Obtenir la reconnaissance officielle d’un état de dépendance est une première victoire, souvent arrachée après des mois de démarches. Mais pour de nombreuses familles aux Canaries, cette victoire n’est que le début d’un nouveau calvaire. Alors que les droits sont théoriquement acquis et que les sommes allouées sont fixées, transformer cette aide en réalité quotidienne relève du parcours du combattant. Témoignages accablants.

Quatre heures quarante-cinq par semaine… quand tout va bien

Javier Quintana a longtemps pensé que le plus difficile serait d’obtenir la reconnaissance du degré de dépendance de sa mère, âgée de 89 ans. Le processus, dans son cas, a été relativement rapide : « environ quatre à cinq mois », estime-t-il. L’aide a été approuvée et son montant fixé. Sur le papier, le droit était reconnu. Mais c’est là qu’une nouvelle course, bien plus épuisante, a commencé : trouver une entreprise agréée capable de convertir cette prestation en heures réelles d’aide à domicile.

Le système lui-même l’a renvoyé à la liste des entreprises homologuées par le gouvernement des Canaries. Javier a commencé à appeler. « J’ai dû essayer de contacter huit ou dix sociétés, et une seule a décroché le téléphone », raconte-t-il. Il a ensuite tenté par courriel : « sur toutes, une seule m’a répondu », résume-t-il. Cette entreprise lui a indiqué à combien d’heures correspondait le montant alloué à sa mère : quatre heures et quarante-cinq minutes par semaine. Il a accepté la proposition, et une nouvelle attente a commencé : visite d’évaluation, répartition des heures, organisation du service. « Cela a pris une éternité », confie-t-il. Il appelait, on ne lui répondait pas. L’explication qu’il recevait était qu’ils étaient « complètement débordés ».
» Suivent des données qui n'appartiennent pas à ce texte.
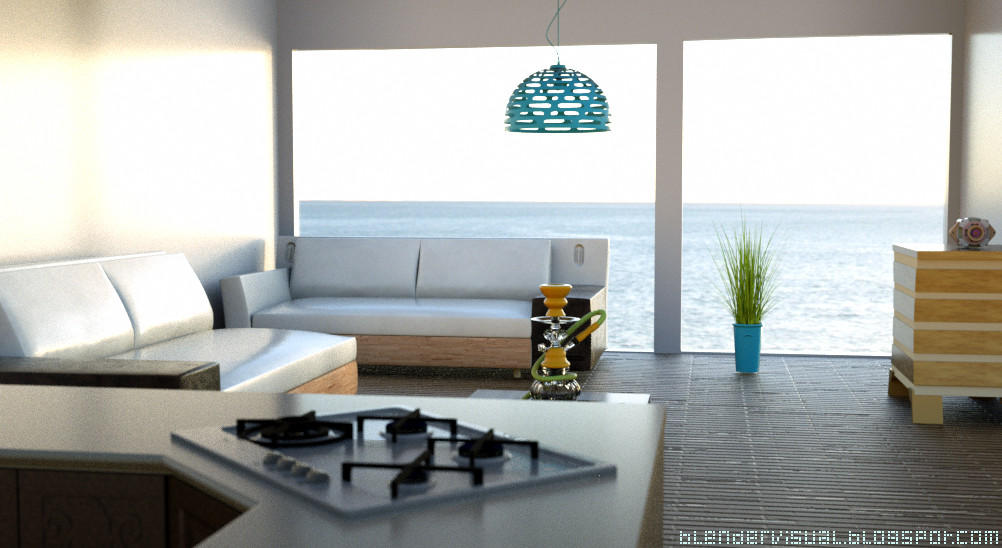 Interior Design Sofa Sea Home Sweet Visualization by str9led on DeviantArt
Lorsque le service a enfin démarré, le calvaire n’était pas fini. La première visite s’est bien passée. La deuxième n’a jamais eu lieu, et personne n’a appelé pour prévenir. En contactant l’entreprise, on lui a dit que l’employée était en arrêt maladie et qu’ils avaient « oublié » de le prévenir. Une semaine plus tard, la situation a de nouveau déraillé : l’heure prévue était 10h30 du matin, mais une employée s’est présentée à 19h pour effectuer plus de deux heures de service auprès d’une femme de 90 ans, dont la routine était déjà bien établie. « Ça fonctionne très mal, on se retrouve dans un vide juridique et humain », résume Javier, qui attribue la situation, sans disposer de données précises, au manque de personnel et aux conditions d’un travail exigeant et mal rémunéré.
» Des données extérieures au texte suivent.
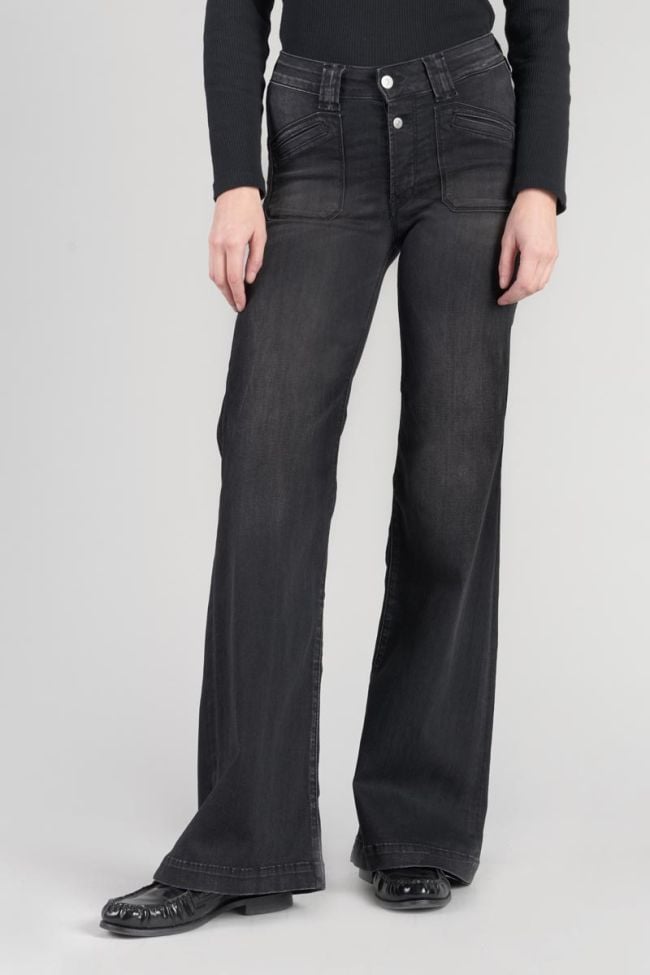 Jeans pulp flare Favart taille haute noir N°1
Un père décède sans avoir reçu la moindre aide

La famille de Javier peut encore assumer une partie des soins. Ils sont quatre frères et sœurs et s’organisent par roulement. Sa mère conserve une certaine autonomie, bien qu’elle ait besoin d’aide pour les courses et les tâches ménagères. « Dans notre cas, je dirais que ce n’est pas encore très grave actuellement, mais il y a des cas très graves et très urgents à prendre en charge », prévient-il. Ce qu’il réclame, c’est que l’administration ne se contente pas de reconnaître le droit et d’attribuer une somme d’argent, mais qu’elle assure un suivi jusqu’à ce que le service soit effectivement rendu.
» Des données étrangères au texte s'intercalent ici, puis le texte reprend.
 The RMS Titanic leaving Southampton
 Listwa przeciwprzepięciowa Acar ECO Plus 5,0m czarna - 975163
La famille Montesdeoca a vécu une attente similaire, mais avec un dénouement bien plus dur. À l’été 2025, elle a entamé une demande d’aide à domicile pour ses parents, tous deux âgés de 95 ans, sur recommandation de l’infirmière qui les suivait à domicile. Après avoir rassemblé certificats, rapports, pièces d’identité légalisées et documents de différentes administrations, ils ont déposé leur demande au registre du gouvernement des Canaries fin août. On leur a dit que, vu l’âge avancé des deux parents, l’évaluation serait accélérée. La visite de l’assistante sociale a eu lieu à la mi-novembre et, fin novembre, la dépendance a été reconnue : degré III pour le père, avec 720 euros par mois, et degré I pour la mère, avec 360 euros.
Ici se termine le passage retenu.